Diners Club: Don't Dare Spy Without It
Last month, Italian judges grabbed world headlines by issuing arrest warrants for 19 alleged CIA officers suspected of kidnapping an Islamic militant from the streets of Milan and spiriting him to Egypt. Our colleagues at Italy's L'Espresso weekly gave Whispers a peek at the names, passport numbers, and other identifying data on the fugitive spies. Now, naming CIA operatives may be against the law here (though most, if not all, of the names appear to be aliases). Still, what seemed most striking about the group was not their names but their credit cards, on which they charged over $150,000 for fancy meals and rooms at some of Milan's finest ristoranti and hotels. Among them, the U.S. spies held a total of 10 Visa cards (no surprise there) but no MasterCards and, strangely, six Diners Club cards. Although Diners Club boasts of being the original charge card (its debut, with much fanfare, was way back in 1950), the ailing brand now claims less than 1 percent of the U.S. market.
So why do the CIA' s spooks prefer Diners Club? Do they get bonus points? Free eavesdropping gear? The CIA and Diners Club aren't commenting, but CIA veterans, past and present, say it's just a coincidence. "No one pushes Diners Club for official cover," discloses one former top spy. Maybe it's the company's motto: "Do you have the key that opens doors around the world?"

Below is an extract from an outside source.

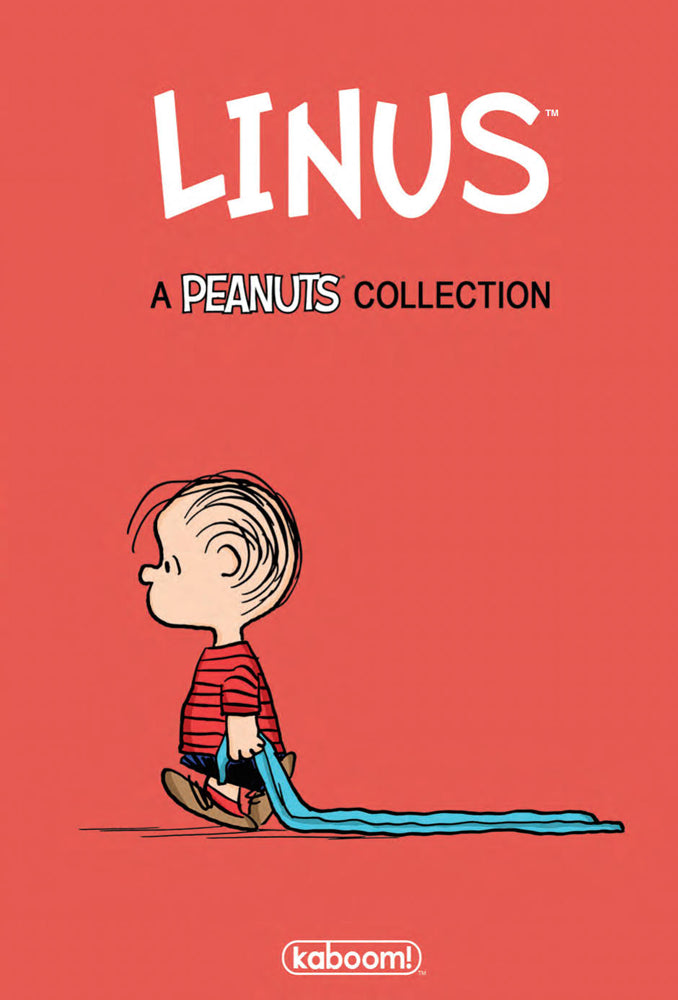 CHARLES SCHULZ LINUS HC PEANUTS (C: 0-1-2)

An Al Qaeda Man Gets His Due
The trial for Mounir el-Motassadeq, the first man convicted in the 9/11 terrorist attacks, ended Friday in Hamburg with a guilty verdict and a seven-year sentence for the charge of belonging to a terrorist organization. Despite complaints that the U.S. Department of Justice did not cooperate enough to get a tougher sentence, the verdict "is quite acceptable," says coprosecutor Andreas Schulz, the Berlin-based attorney who represented the victims' families during the trial. "It's good to have Motassadeq back in jail." As police entered the courtroom to take him into custody, Motassadeq, whose first conviction was overturned last year, asked to visit the restroom. "His face was pale," Schulz tells Whispers. "It seemed as though he had to throw up."

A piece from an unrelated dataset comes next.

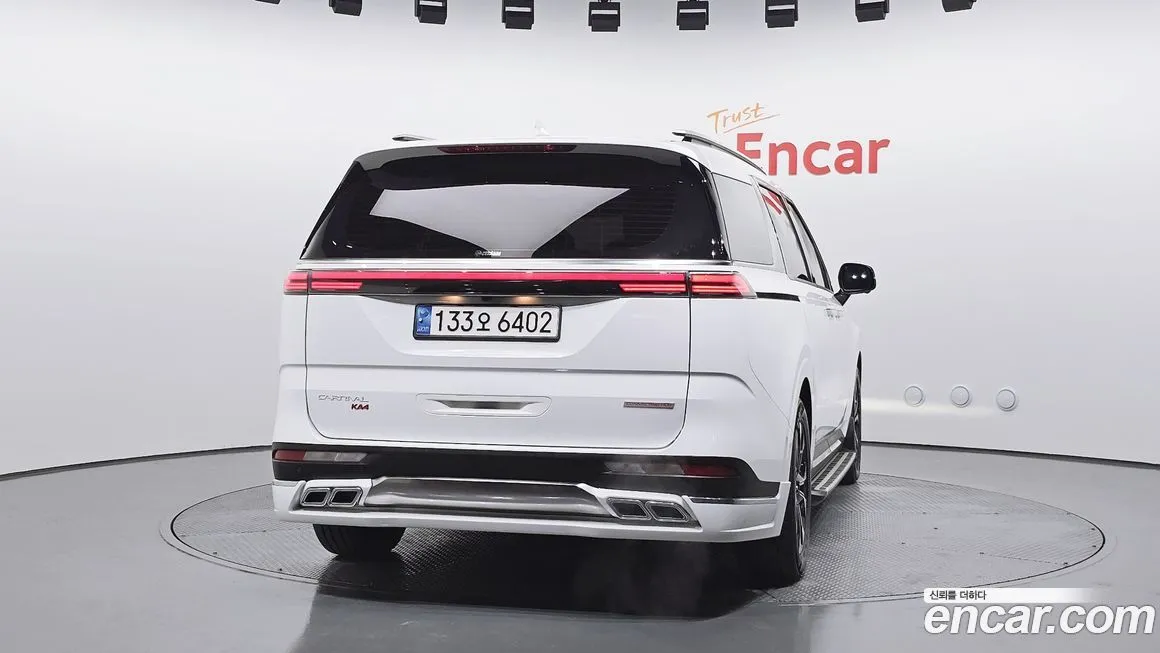 Kia Carnival 2023 из KR, фото 4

Selling Just About Anything on eBay
What's hot on eBay? Anything from potential 2008 candidates. Arkansas Gov. Mike Huckabee's spokesman Jim Harris says that some constituents are writing the governor's office just to get return letters that they can hawk. The governor jokes, "My barber was going to sell clippings from my haircuts, but my hair is getting so thin that he decided he would just market one hair at a time."

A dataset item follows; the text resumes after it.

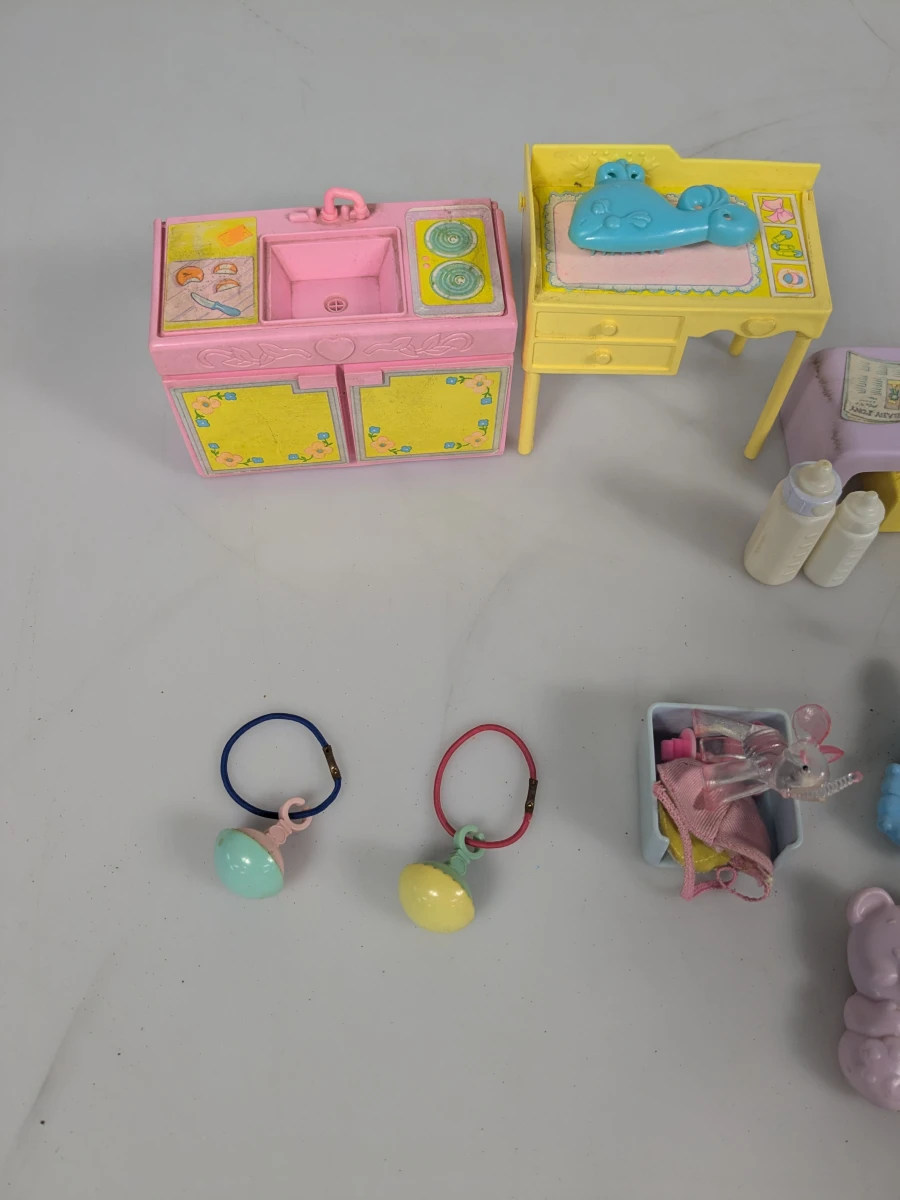 Set My Little Pony figuren met accessoires en meubels - foto 2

Sorry, No Coverage For Mob Violence
Apparently membership doesn't always have its privileges at the United Nations , where U.N. contract workers in Jalalabad are complaining that they're being refused compensation for belongings that were destroyed or stolen during the city's May riots (sparked by an erroneous report of a Koran being flushed down a toilet). "Generally, in most contracts, compensation is not provided," says a Kabul-based U.N. spokesman, though some agency heads can grant discretionary compensation, like extra leave time. "It's crazy how inconsistent it all is," says one American worker.